* _Problem details_
Copy each line of the records below that mentions the word "Кроссовки".

Caption-style text data:
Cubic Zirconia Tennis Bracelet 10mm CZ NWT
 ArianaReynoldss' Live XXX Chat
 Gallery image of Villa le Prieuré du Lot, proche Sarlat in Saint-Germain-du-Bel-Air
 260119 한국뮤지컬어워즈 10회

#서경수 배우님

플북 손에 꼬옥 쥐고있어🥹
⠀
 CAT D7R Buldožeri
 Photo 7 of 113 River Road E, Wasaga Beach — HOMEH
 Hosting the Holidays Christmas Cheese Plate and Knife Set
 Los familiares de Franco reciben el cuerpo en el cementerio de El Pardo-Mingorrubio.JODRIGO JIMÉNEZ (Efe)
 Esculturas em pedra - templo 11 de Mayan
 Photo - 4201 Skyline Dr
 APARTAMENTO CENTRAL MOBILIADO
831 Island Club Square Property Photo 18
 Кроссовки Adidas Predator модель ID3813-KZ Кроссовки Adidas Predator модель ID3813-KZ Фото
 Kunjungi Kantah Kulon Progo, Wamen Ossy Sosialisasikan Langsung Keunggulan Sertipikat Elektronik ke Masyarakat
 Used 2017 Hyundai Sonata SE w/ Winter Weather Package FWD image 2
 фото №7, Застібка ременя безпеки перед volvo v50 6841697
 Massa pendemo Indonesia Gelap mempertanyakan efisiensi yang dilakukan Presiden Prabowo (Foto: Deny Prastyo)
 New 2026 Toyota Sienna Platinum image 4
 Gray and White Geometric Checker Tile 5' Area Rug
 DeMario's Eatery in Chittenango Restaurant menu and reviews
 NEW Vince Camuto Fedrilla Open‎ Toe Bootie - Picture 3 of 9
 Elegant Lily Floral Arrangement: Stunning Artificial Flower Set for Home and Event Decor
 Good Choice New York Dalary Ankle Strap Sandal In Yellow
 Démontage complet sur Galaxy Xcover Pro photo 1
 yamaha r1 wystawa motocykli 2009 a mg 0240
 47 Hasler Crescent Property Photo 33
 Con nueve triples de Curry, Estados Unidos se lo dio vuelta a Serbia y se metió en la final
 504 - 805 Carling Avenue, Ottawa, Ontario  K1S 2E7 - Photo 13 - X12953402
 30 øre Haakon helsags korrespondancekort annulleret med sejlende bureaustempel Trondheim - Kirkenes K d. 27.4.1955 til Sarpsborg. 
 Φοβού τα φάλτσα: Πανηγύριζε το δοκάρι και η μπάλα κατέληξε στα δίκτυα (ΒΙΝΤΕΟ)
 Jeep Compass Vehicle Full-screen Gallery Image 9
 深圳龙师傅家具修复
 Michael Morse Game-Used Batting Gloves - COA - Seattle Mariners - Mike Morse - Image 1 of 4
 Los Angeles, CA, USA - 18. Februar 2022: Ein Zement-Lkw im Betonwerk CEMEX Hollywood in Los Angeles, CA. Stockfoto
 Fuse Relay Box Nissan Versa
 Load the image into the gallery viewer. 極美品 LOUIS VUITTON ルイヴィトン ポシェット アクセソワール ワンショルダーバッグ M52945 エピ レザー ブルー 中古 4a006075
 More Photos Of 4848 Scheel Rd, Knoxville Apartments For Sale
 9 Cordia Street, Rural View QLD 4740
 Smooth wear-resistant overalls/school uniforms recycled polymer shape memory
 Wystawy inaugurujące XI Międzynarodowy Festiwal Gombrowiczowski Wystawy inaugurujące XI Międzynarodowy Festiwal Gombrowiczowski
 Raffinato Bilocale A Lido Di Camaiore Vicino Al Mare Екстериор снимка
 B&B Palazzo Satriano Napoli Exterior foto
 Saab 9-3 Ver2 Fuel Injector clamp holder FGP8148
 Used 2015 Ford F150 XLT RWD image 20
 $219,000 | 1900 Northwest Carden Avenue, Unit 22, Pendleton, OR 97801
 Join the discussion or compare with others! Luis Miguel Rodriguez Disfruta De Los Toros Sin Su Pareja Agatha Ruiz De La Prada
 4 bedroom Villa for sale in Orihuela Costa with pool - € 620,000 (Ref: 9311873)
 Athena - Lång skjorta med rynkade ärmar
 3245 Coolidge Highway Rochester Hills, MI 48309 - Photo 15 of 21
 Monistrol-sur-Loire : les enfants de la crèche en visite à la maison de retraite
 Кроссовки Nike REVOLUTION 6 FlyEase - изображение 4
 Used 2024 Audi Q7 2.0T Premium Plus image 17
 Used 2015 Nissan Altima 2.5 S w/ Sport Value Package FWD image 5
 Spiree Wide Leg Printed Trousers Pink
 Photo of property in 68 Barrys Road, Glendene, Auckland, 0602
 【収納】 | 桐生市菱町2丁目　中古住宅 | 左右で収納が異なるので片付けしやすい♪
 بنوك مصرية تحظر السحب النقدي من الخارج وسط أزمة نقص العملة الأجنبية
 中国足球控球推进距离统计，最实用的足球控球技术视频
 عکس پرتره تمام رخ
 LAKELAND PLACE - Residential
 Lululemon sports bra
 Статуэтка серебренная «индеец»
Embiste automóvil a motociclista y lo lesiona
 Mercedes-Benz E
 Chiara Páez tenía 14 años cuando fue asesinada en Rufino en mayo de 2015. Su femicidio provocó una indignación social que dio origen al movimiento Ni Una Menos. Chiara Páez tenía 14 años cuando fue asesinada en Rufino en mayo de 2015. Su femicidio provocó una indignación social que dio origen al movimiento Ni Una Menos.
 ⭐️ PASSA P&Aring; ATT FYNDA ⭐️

* _Response box_
 Кроссовки Adidas Predator модель ID3813-KZ Кроссовки Adidas Predator модель ID3813-KZ Фото
 Кроссовки Nike REVOLUTION 6 FlyEase - изображение 4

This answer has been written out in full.